GCI old boys have demonstrated uncommon commitment and a willingness to make huge sacrifices in an effort to see the restoration of the
school to its past glory and place it on a path of sustainable management and growth. Julius Nyerere - a revered African statesman once said,
“sincerity of purpose is not enough, in government one must get not just the objective but the method right.”

The GCI situation is a management conundrum compounded by a poor governance structure. Any and all investments made on this weak foundation is bound to fail in the long run. The old boys association has examined and rejected the formation of a new (ROCK) school but continues to tinker at the edges of the problem. It has engaged in laudable range of activities such as renovating classrooms, laboratories and paying for the salaries of some teaching staff.

I believe that the timing is auspicious for the old boys to attack the problem at its root cause. Governance. To accept the challenge of defining a new governance structure based on the PPP model, engaging a new management approach while borrowing from global best practices in its
efforts to reposition the school as a forward-looking leadership academy for boys, able to cope with the challenges of a new century.

Ours is the challenge of building on a great heritage while not getting lost in its past.
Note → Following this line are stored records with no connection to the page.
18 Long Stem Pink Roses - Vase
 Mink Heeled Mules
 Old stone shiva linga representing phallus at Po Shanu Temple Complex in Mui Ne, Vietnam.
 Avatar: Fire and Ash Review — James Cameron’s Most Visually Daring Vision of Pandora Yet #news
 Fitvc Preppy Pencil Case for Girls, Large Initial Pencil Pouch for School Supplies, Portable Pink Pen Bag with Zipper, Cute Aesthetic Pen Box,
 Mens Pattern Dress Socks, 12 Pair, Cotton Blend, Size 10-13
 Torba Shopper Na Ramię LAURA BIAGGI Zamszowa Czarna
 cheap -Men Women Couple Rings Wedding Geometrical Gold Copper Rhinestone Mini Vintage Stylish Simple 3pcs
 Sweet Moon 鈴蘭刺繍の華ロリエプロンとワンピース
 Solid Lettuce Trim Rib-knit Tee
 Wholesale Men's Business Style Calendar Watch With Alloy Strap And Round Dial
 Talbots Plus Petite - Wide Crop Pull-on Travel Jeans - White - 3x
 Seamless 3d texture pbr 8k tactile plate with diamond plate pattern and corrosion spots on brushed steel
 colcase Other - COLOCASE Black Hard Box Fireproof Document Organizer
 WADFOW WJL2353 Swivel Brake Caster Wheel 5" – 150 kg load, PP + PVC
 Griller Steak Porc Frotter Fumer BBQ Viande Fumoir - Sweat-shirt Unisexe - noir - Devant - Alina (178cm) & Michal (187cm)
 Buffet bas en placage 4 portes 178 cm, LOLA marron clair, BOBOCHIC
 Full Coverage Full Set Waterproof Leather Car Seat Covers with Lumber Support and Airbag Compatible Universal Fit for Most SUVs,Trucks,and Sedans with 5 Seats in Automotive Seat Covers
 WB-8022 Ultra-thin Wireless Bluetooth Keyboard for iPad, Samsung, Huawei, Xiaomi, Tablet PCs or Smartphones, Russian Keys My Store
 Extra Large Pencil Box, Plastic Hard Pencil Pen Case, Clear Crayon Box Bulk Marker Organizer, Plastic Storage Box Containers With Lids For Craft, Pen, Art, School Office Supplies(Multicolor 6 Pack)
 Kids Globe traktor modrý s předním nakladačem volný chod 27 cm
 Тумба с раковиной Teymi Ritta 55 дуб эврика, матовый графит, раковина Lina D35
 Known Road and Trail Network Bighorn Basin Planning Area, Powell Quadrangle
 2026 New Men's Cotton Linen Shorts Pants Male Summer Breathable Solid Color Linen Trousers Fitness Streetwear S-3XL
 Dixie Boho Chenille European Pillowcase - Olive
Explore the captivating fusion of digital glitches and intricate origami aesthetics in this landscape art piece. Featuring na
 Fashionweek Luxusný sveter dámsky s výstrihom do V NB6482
This journey will require fresh thinking, serious planning
and the courage to embrace change in an uncertain future.

Permit me the liberty to propose certain essential elements of any plans the association might contemplate. Any strategy must take into account
the following:

Governance structure of the school.
The governance structure of the school must be in the control of the old boys. Several devices are possible through which this objective can be realised all of which ought to be acceptable to the owners of the school i.e. the Oyo State government.

Establish a board of governors, (BOG)
made up of old boys, representatives of the government, parents teachers association and eminent citizens of the state. The BOG will obtain a legally-binding agreement from the state government handing over management of the school to the BOG. This board will have powers to make
policy for student admissions, set academic standards for the school, hire and fire a principal and other academic staff, propose and review annual budgets for the school. Design and adopt an academic curriculum for the school in compliance with state government policy.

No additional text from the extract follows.